Can anyone elaborate on the differences between them?

In my application they will either drive a set of tweeters or a 2-way center channel.

Greetings
Johnny


----------



## azvrt (Nov 11, 2010)

Ref 300 '94/'95
2.5 volt gain, no crossovers.

Ref 300s '96 300sx '97
5 volt gains (separate left/right), crossovers

Rubicon 302 '98/'99 last of the USA built amps
5 volt gains (separate left/right), crossovers, Hawkings bass control

Rubicon 300.2 first of the Asian built amps. Has the made in USA sticker still on it.

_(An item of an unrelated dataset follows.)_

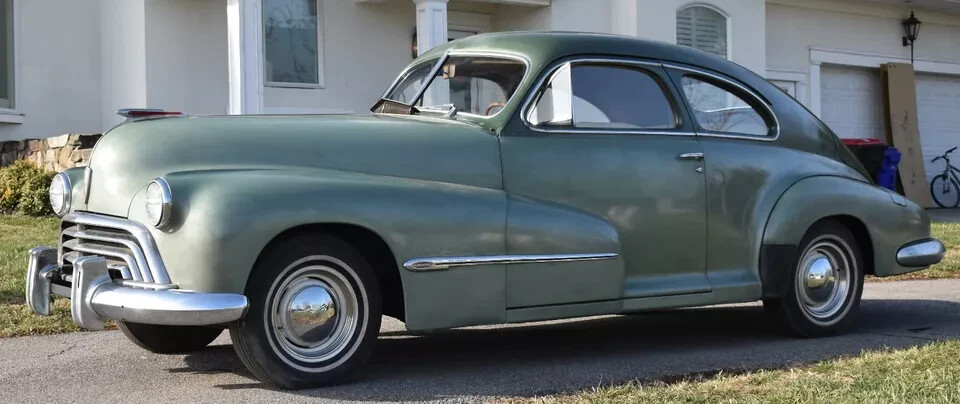 Oldsmobile-Other-1946-Sedan-1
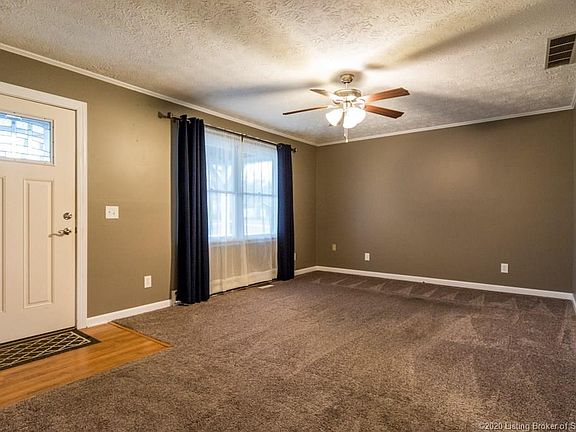 2nd image of 267 E Oak Dr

A bit overkill for tweeters but the headroom won't hurt.
Specifications are not the same. Ref 300 and Rub 302 are more powerful in 4 ohms stereo than 300s/300sx.
Keep in mind they are all much more powerful than stated in the manual.
Good luck they are great amps.


----------



## JJAZ (Feb 17, 2006)

Thanks a lot for the help!

Overkill for tweeters, maybe, maybe not 
I am using the JBL MS-8 and tried powering my tweeters from its internal amplifiers (18W RMS @ 4 Ohm).
When I play it fairly loud the tweeters are clearly distorted, so my guess is that I am hitting the limit of the internal amplifier. As a check I am now running the tweeters passively crossed on my PG Xenon 200.4 (same channels as my mids) and it sounds a LOT better.

I will look for either Ref 300 or Rub 302, then.. Might be nice to get the Rub 302, the crossover and separate gain controls could come in handy one day.


----------



## 07azhhr (Dec 28, 2011)

azvrt said:


> Ref 300 '94/'95
> 2.5 volt gain, no crossovers.



I know this is an older thread but thought I would give SoundStreams info on these model year amps. I recently aquired a ref405 that is spec'd with 2.5 input voltage so I contacted SoundStream and they said that the amps can handle up to 5v and that HU's of the time did not commonly use more then 2v outputs.


----------



## bigdwiz (Oct 7, 2010)

I tested an original Reference 300 for RMS wattage output just a few months ago. It was part of an old school 75x2 amp shootout I performed...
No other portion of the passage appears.